▶ **What you need to do**
Your answer should be an exact copy of the data.
++++++++++++++++++++
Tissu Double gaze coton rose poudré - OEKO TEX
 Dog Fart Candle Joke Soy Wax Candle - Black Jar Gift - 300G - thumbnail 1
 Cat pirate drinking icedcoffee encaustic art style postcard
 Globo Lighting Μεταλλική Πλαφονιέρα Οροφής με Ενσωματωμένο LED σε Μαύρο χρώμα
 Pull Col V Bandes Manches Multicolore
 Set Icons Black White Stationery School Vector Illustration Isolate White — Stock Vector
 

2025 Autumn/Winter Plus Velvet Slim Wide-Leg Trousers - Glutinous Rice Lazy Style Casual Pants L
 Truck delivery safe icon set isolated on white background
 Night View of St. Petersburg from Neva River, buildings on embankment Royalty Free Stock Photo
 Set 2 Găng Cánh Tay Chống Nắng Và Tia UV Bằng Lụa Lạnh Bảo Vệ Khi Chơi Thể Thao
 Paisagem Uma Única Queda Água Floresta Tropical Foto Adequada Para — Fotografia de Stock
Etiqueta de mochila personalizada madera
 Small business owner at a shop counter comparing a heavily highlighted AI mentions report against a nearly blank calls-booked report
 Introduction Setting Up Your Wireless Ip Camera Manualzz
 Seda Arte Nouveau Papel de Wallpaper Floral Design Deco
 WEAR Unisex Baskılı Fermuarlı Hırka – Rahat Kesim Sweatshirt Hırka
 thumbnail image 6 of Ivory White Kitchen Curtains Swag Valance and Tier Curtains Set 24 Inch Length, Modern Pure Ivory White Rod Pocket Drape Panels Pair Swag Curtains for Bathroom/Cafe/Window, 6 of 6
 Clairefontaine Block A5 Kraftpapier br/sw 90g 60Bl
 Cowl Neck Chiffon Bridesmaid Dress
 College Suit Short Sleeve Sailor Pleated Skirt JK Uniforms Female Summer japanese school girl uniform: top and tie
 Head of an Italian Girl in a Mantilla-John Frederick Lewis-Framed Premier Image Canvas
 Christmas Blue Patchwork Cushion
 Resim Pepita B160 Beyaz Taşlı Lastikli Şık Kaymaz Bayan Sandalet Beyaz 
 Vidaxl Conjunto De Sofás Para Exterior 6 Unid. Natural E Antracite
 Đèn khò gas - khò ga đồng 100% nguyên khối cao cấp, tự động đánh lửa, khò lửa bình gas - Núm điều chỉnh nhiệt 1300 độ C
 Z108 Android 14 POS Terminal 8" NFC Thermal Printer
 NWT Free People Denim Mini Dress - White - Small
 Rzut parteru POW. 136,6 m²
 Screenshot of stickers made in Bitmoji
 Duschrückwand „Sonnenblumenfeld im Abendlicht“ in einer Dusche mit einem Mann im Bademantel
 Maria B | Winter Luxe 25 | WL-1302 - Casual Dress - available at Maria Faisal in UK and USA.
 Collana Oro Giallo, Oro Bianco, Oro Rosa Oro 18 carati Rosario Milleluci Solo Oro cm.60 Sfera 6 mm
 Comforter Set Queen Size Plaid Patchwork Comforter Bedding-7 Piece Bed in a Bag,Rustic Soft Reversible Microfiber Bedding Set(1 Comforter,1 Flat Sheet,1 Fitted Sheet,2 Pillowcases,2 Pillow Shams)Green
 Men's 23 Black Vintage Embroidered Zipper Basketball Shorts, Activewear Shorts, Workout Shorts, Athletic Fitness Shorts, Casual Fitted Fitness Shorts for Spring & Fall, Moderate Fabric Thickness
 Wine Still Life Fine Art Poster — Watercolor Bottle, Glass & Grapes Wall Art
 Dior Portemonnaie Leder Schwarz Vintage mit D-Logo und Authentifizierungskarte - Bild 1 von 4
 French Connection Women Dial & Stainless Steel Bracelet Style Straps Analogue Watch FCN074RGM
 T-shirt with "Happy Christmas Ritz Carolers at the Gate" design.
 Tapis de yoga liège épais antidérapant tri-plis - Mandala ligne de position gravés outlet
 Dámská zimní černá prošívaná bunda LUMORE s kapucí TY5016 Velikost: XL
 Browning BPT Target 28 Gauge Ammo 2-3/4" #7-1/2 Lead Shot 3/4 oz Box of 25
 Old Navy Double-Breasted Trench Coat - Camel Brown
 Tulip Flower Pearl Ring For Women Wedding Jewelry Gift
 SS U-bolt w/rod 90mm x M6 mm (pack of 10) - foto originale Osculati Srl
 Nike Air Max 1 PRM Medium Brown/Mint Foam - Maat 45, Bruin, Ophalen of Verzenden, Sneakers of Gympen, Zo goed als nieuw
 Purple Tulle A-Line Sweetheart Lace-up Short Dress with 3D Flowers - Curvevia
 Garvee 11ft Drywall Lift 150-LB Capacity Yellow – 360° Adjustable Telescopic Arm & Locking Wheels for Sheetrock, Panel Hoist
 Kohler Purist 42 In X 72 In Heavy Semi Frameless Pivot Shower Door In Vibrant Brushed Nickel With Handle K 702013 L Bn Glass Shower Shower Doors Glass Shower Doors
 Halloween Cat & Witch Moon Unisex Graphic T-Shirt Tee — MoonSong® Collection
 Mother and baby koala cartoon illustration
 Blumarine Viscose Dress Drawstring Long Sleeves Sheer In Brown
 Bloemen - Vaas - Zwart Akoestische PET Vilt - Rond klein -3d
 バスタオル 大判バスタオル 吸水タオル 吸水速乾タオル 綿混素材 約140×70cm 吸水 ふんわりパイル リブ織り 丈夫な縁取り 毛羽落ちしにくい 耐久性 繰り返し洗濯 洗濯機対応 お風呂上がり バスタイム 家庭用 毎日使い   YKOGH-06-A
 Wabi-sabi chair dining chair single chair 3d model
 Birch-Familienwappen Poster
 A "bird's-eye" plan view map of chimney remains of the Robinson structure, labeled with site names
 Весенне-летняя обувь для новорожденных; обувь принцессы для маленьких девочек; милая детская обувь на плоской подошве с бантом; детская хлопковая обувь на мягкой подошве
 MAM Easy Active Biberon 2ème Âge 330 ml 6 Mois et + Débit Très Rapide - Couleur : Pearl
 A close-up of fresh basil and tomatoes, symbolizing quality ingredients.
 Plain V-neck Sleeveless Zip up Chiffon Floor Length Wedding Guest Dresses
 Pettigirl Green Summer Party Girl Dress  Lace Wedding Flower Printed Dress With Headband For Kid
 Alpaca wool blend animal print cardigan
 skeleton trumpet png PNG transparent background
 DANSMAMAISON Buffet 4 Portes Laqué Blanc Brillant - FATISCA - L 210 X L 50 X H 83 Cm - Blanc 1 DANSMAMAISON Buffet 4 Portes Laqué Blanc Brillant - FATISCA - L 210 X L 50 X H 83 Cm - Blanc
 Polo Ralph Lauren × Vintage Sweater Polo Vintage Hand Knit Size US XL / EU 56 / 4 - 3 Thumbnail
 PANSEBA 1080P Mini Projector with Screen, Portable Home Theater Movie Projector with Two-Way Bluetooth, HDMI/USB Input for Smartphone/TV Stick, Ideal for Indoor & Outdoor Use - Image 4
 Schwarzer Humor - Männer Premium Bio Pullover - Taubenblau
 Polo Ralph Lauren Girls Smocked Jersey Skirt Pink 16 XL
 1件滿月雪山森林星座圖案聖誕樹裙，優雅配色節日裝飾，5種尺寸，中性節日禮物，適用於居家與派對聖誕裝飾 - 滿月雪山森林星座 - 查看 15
++++++++++++++++++++
▶ **Your response**
Tissu Double gaze coton rose poudré - OEKO TEX
 Dog Fart Candle Joke Soy Wax Candle - Black Jar Gift - 300G - thumbnail 1
 Cat pirate drinking icedcoffee encaustic art style postcard
 Globo Lighting Μεταλλική Πλαφονιέρα Οροφής με Ενσωματωμένο LED σε Μαύρο χρώμα
 Pull Col V Bandes Manches Multicolore
 Set Icons Black White Stationery School Vector Illustration Isolate White — Stock Vector
 

2025 Autumn/Winter Plus Velvet Slim Wide-Leg Trousers - Glutinous Rice Lazy Style Casual Pants L
 Truck delivery safe icon set isolated on white background
 Night View of St. Petersburg from Neva River, buildings on embankment Royalty Free Stock Photo
 Set 2 Găng Cánh Tay Chống Nắng Và Tia UV Bằng Lụa Lạnh Bảo Vệ Khi Chơi Thể Thao
 Paisagem Uma Única Queda Água Floresta Tropical Foto Adequada Para — Fotografia de Stock
Etiqueta de mochila personalizada madera
 Small business owner at a shop counter comparing a heavily highlighted AI mentions report against a nearly blank calls-booked report
 Introduction Setting Up Your Wireless Ip Camera Manualzz
 Seda Arte Nouveau Papel de Wallpaper Floral Design Deco
 WEAR Unisex Baskılı Fermuarlı Hırka – Rahat Kesim Sweatshirt Hırka
 thumbnail image 6 of Ivory White Kitchen Curtains Swag Valance and Tier Curtains Set 24 Inch Length, Modern Pure Ivory White Rod Pocket Drape Panels Pair Swag Curtains for Bathroom/Cafe/Window, 6 of 6
 Clairefontaine Block A5 Kraftpapier br/sw 90g 60Bl
 Cowl Neck Chiffon Bridesmaid Dress
 College Suit Short Sleeve Sailor Pleated Skirt JK Uniforms Female Summer japanese school girl uniform: top and tie
 Head of an Italian Girl in a Mantilla-John Frederick Lewis-Framed Premier Image Canvas
 Christmas Blue Patchwork Cushion
 Resim Pepita B160 Beyaz Taşlı Lastikli Şık Kaymaz Bayan Sandalet Beyaz 
 Vidaxl Conjunto De Sofás Para Exterior 6 Unid. Natural E Antracite
 Đèn khò gas - khò ga đồng 100% nguyên khối cao cấp, tự động đánh lửa, khò lửa bình gas - Núm điều chỉnh nhiệt 1300 độ C
 Z108 Android 14 POS Terminal 8" NFC Thermal Printer
 NWT Free People Denim Mini Dress - White - Small
 Rzut parteru POW. 136,6 m²
 Screenshot of stickers made in Bitmoji
 Duschrückwand „Sonnenblumenfeld im Abendlicht“ in einer Dusche mit einem Mann im Bademantel
 Maria B | Winter Luxe 25 | WL-1302 - Casual Dress - available at Maria Faisal in UK and USA.
 Collana Oro Giallo, Oro Bianco, Oro Rosa Oro 18 carati Rosario Milleluci Solo Oro cm.60 Sfera 6 mm
 Comforter Set Queen Size Plaid Patchwork Comforter Bedding-7 Piece Bed in a Bag,Rustic Soft Reversible Microfiber Bedding Set(1 Comforter,1 Flat Sheet,1 Fitted Sheet,2 Pillowcases,2 Pillow Shams)Green
 Men's 23 Black Vintage Embroidered Zipper Basketball Shorts, Activewear Shorts, Workout Shorts, Athletic Fitness Shorts, Casual Fitted Fitness Shorts for Spring & Fall, Moderate Fabric Thickness
 Wine Still Life Fine Art Poster — Watercolor Bottle, Glass & Grapes Wall Art
 Dior Portemonnaie Leder Schwarz Vintage mit D-Logo und Authentifizierungskarte - Bild 1 von 4
 French Connection Women Dial & Stainless Steel Bracelet Style Straps Analogue Watch FCN074RGM
 T-shirt with "Happy Christmas Ritz Carolers at the Gate" design.
 Tapis de yoga liège épais antidérapant tri-plis - Mandala ligne de position gravés outlet
 Dámská zimní černá prošívaná bunda LUMORE s kapucí TY5016 Velikost: XL
 Browning BPT Target 28 Gauge Ammo 2-3/4" #7-1/2 Lead Shot 3/4 oz Box of 25
 Old Navy Double-Breasted Trench Coat - Camel Brown
 Tulip Flower Pearl Ring For Women Wedding Jewelry Gift
 SS U-bolt w/rod 90mm x M6 mm (pack of 10) - foto originale Osculati Srl
 Nike Air Max 1 PRM Medium Brown/Mint Foam - Maat 45, Bruin, Ophalen of Verzenden, Sneakers of Gympen, Zo goed als nieuw
 Purple Tulle A-Line Sweetheart Lace-up Short Dress with 3D Flowers - Curvevia
 Garvee 11ft Drywall Lift 150-LB Capacity Yellow – 360° Adjustable Telescopic Arm & Locking Wheels for Sheetrock, Panel Hoist
 Kohler Purist 42 In X 72 In Heavy Semi Frameless Pivot Shower Door In Vibrant Brushed Nickel With Handle K 702013 L Bn Glass Shower Shower Doors Glass Shower Doors
 Halloween Cat & Witch Moon Unisex Graphic T-Shirt Tee — MoonSong® Collection
 Mother and baby koala cartoon illustration
 Blumarine Viscose Dress Drawstring Long Sleeves Sheer In Brown
 Bloemen - Vaas - Zwart Akoestische PET Vilt - Rond klein -3d
 バスタオル 大判バスタオル 吸水タオル 吸水速乾タオル 綿混素材 約140×70cm 吸水 ふんわりパイル リブ織り 丈夫な縁取り 毛羽落ちしにくい 耐久性 繰り返し洗濯 洗濯機対応 お風呂上がり バスタイム 家庭用 毎日使い   YKOGH-06-A
 Wabi-sabi chair dining chair single chair 3d model
 Birch-Familienwappen Poster
 A "bird's-eye" plan view map of chimney remains of the Robinson structure, labeled with site names
 Весенне-летняя обувь для новорожденных; обувь принцессы для маленьких девочек; милая детская обувь на плоской подошве с бантом; детская хлопковая обувь на мягкой подошве
 MAM Easy Active Biberon 2ème Âge 330 ml 6 Mois et + Débit Très Rapide - Couleur : Pearl
 A close-up of fresh basil and tomatoes, symbolizing quality ingredients.
 Plain V-neck Sleeveless Zip up Chiffon Floor Length Wedding Guest Dresses
 Pettigirl Green Summer Party Girl Dress  Lace Wedding Flower Printed Dress With Headband For Kid
 Alpaca wool blend animal print cardigan
 skeleton trumpet png PNG transparent background
 DANSMAMAISON Buffet 4 Portes Laqué Blanc Brillant - FATISCA - L 210 X L 50 X H 83 Cm - Blanc 1 DANSMAMAISON Buffet 4 Portes Laqué Blanc Brillant - FATISCA - L 210 X L 50 X H 83 Cm - Blanc
 Polo Ralph Lauren × Vintage Sweater Polo Vintage Hand Knit Size US XL / EU 56 / 4 - 3 Thumbnail
 PANSEBA 1080P Mini Projector with Screen, Portable Home Theater Movie Projector with Two-Way Bluetooth, HDMI/USB Input for Smartphone/TV Stick, Ideal for Indoor & Outdoor Use - Image 4
 Schwarzer Humor - Männer Premium Bio Pullover - Taubenblau
 Polo Ralph Lauren Girls Smocked Jersey Skirt Pink 16 XL
 1件滿月雪山森林星座圖案聖誕樹裙，優雅配色節日裝飾，5種尺寸，中性節日禮物，適用於居家與派對聖誕裝飾 - 滿月雪山森林星座 - 查看 15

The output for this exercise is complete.